Taiwan has arrested its highest ranking Chinese agent ever, a 41 year old Taiwanese Major General, Lo Hsien Che. Although married, he was seduced by a Chinese operative in 2002, while serving in Thailand. In 2004 he began providing classified information, for which he was ultimately paid over a million dollars. Until recently, Lo managed to avoid detection by Taiwanese counter-intelligence, but was eventually found out. Lo's current job was head of military telecommunications and information.

The United States, and the West in general, is also much beset by Chinese espionage efforts. But there's a difference in that the main Chinese effort here is economic, while against Taiwan, the emphasis is on military and government. For China, the main goal is keeping the economy going and prospering. Conquering Taiwan is a "nice to have" goal, sustaining economic growth is "must have." The United States, and other Western nations, are increasingly fighting back. Arrests and prosecutions of Chinese spies are way up, and on the Internet front, the war is becoming more intense.

Unwilling to try and coerce North Korea into behaving and getting its economy in order, China is now trying another approach. China has obtained the right to explore for new mineral deposits in North Korea, and then build mines and handle the exports. China has pushed back in the past when North Korea tried to cheat on economic deals, so Chinese economic investments like this would be pretty safe. China has also obtained North Korean agreement to the stationing of Chinese troops at these new facilities, further limiting North Korean ability to play their usual stupid games. In addition to the threat of military force, China remains North Korea's main source of food and fuel (freebies as well as paid for.)

Partly in response to growing pressure from trading partners, and partly to protect the rapidly increasing value of Chinese copyrights and patents, China has expanded its crackdown on factories that produce fakes, and people who sell them inside China. Until recently, most of these illegal copies (of clothing, gadgets, software and so on) were exported. But growing affluence inside China has created a large domestic market. The government is also cracking down on online pornography, which has become a major online industry. The government sees porn as one of those "gateway drugs" for revolution and poor discipline. The government is also going after illegal news sites, which are considered another form of pornography.

The government campaign against corruption seems hopeless, but the national leadership feels otherwise. While China is 78th on the list of least corrupt nations, archrival India is at 87. More importantly, China is attacking corruption more vigorously and successfully than India. More so than India, the Chinese leadership recognize that corruption is a threat to Communist Party rule in China, and the jobs of all those senior officials.
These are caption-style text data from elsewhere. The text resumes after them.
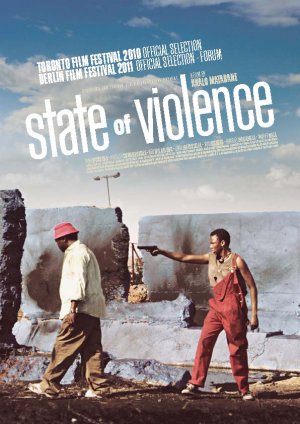 State of Violence - Cartazes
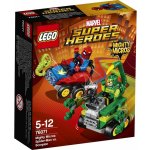 LEGO® Super Heroes 76071 Mighty Micros: Spiderman vs. Škorpion – Hledejceny.cz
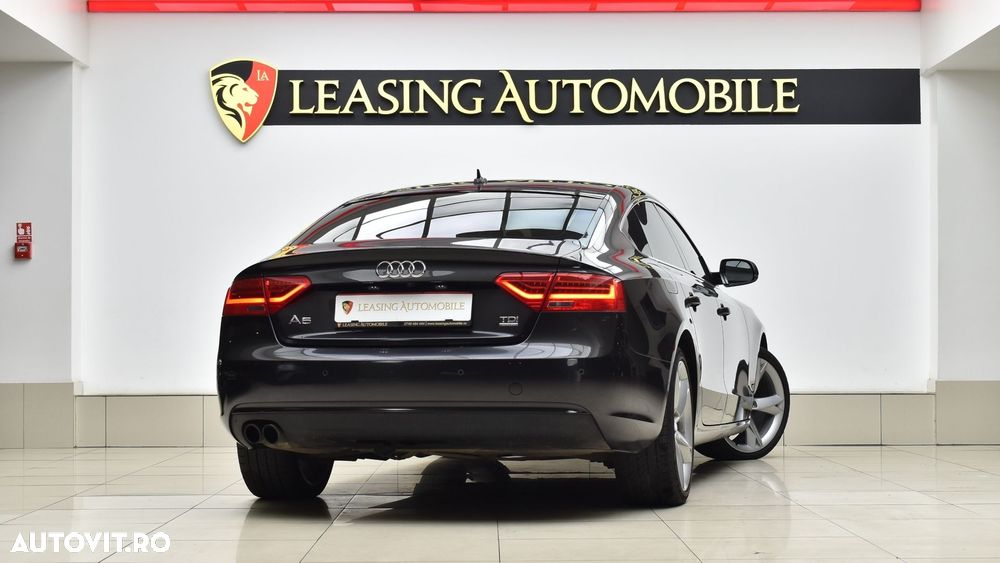 Audi A5 2.0 TDI ack quattro DPF S tronic - 5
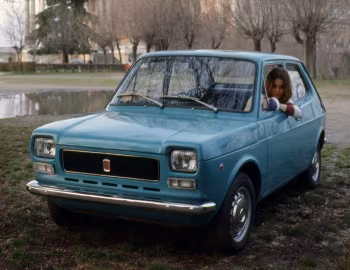Fiat 127 [Worldwide] '1971–76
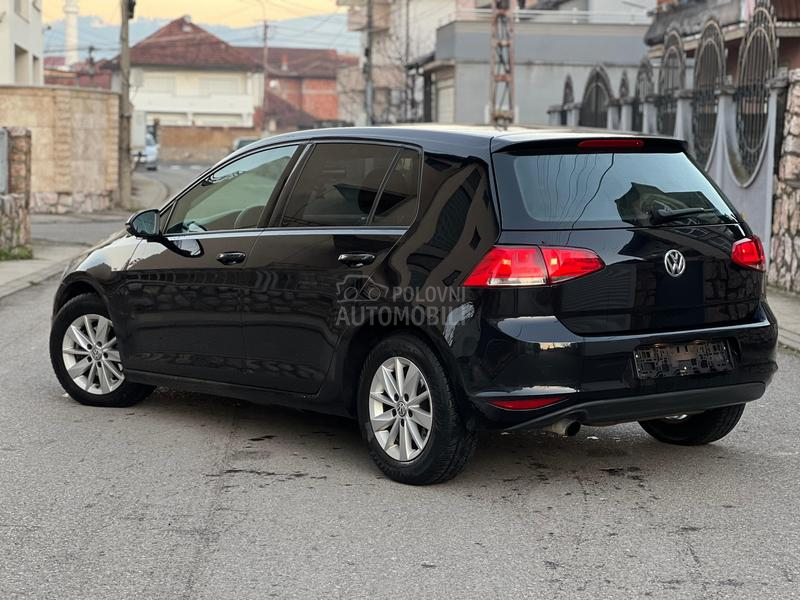Volkswagen Golf 7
So it's a matter of clean up, or risk another revolution. India is a democracy, where voters can keep electing politicians who promise to deal with corruption, and never do. This is just another reason why the Chinese leadership sees no big advantage in democracy.
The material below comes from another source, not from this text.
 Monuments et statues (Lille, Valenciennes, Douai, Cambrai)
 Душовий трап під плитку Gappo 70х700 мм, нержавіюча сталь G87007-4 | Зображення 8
China has installed over 40,000 high-definition surveillance cameras in Xinjiang province, nearly half of them in the provincial capital. This province is heavily populated by Moslem Turkic people and has been the scene of growing violence. The local Uighurs have been increasingly violent against the many Han Chinese moving in.  The cameras are in tamper-resistant enclosures, and send their images to surveillance centers for storage and analysis. There was widespread rioting against Han Chinese in  Xinjiang two years ago. The Uighurs are still angry, but the government believes any future uprisings will be less of a problem because of the camera network.

January 27, 2011:  A Chinese warship approached the Senkaku Islands, which are claimed by China and Japan. In this case, a Japanese Coast Guard vessel warned the Chinese ship not to enter waters claimed by Japan, and the Chinese ship complied. Chinese warships and commercial vessels are constantly operating around the Senkakus, apparently as part of a long-range campaign to wear the Japanese down.